Perhaps the greatest risk inherent in the crisis on campus is to behave as if there is no crisis at all. And this is more common than we would like to think.
Plunging public investment, the overproduction of PhD degrees, and unsustainable endowment investment portfolios are not minor problems. Yet there is little in the way of actual educational reform within the university system to respond to these trends. So it is essential to have books like Prof. Mark Taylor’s Crisis on Campus explicating just how serious the situation is.
Although the book ranges over a wide variety of topics, I would like to raise some questions regarding the potential risks of academic collaboration with the private sector. Taylor candidly admits that such collaboration is one of his more controversial reform proposals.
Would an increased alliance with for-profit businesses–and therefore an increased reliance upon them–really resolve the forces driving critical trends? Or might it exacerbate them?
How can the crisis on campus be secured by alliance with something as insecure as the marketplace?

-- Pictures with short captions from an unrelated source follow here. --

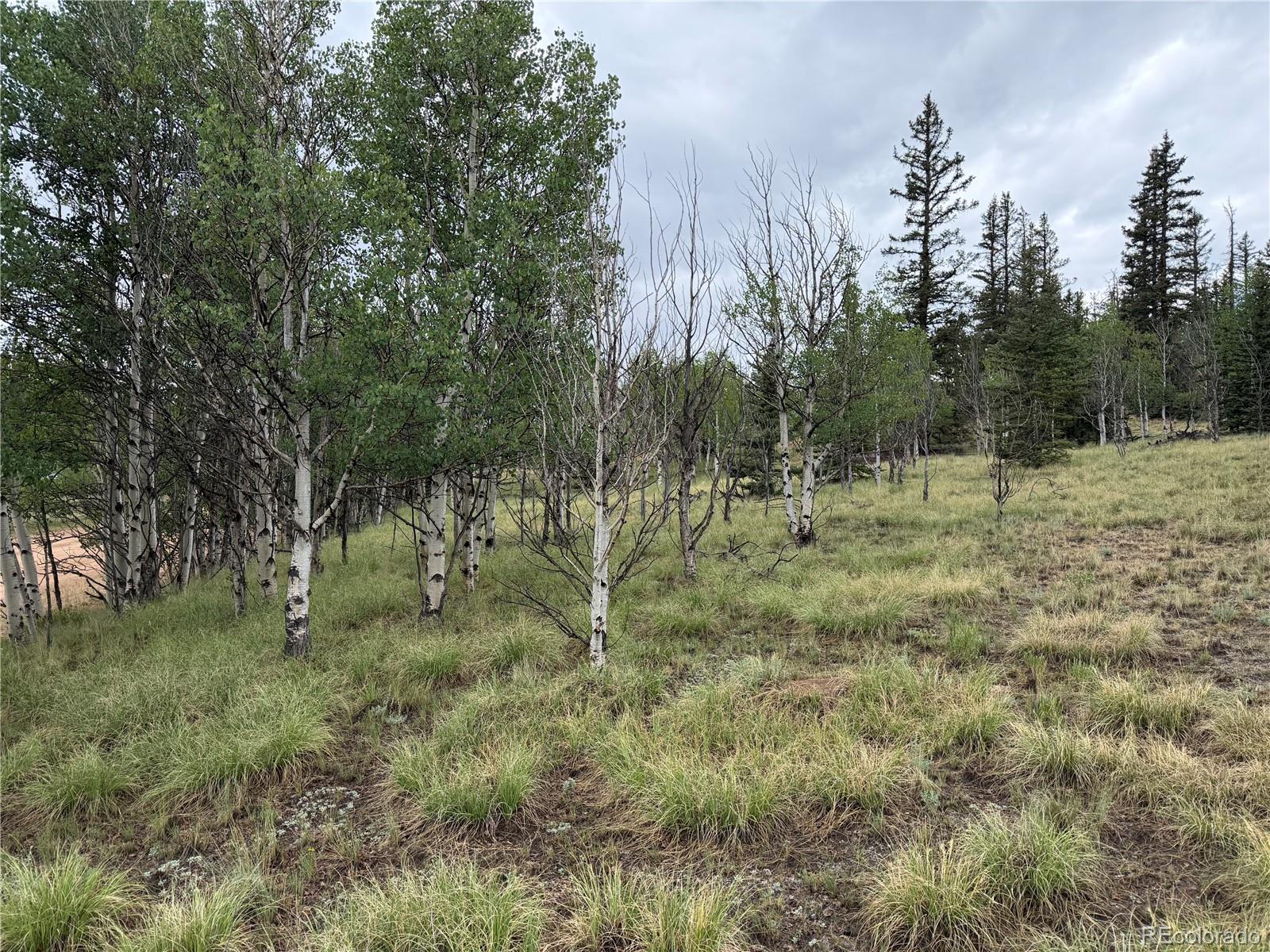 383 Spearpoint Rd, Como, CO 80456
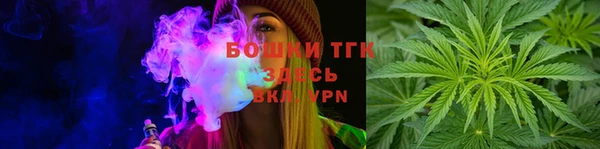 стаф Горняк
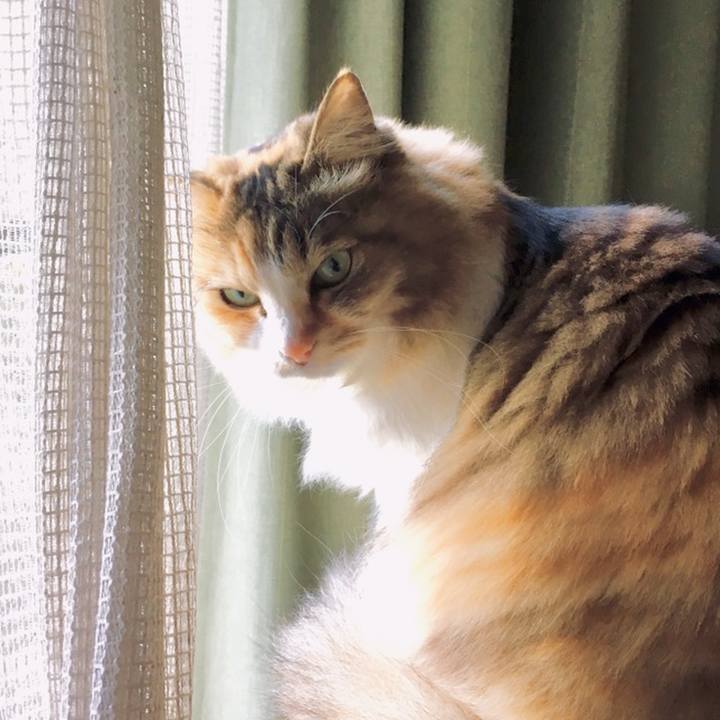 E68db680 a072 4b4c 98e3 cd945131470a 1559185120942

I ask this in all seriousness because of three interlocking trends enclosing Taylor’s recommendation when paired with the current practices of big business:
- Unregulated pursuit of profit has led to the plunge in public investment in higher education.
- The desire for excess gain has driven the possibility of unsustainable investment returns.
- A ‘more is better’ mentality implicitly justifies an uncritical acceptance of the overproduction of PhD’s as an index of academic success.
In the pursuit of profitable technology transfer opportunities, what might be lost if the academic enterprise is governed under the model of an R&D lab?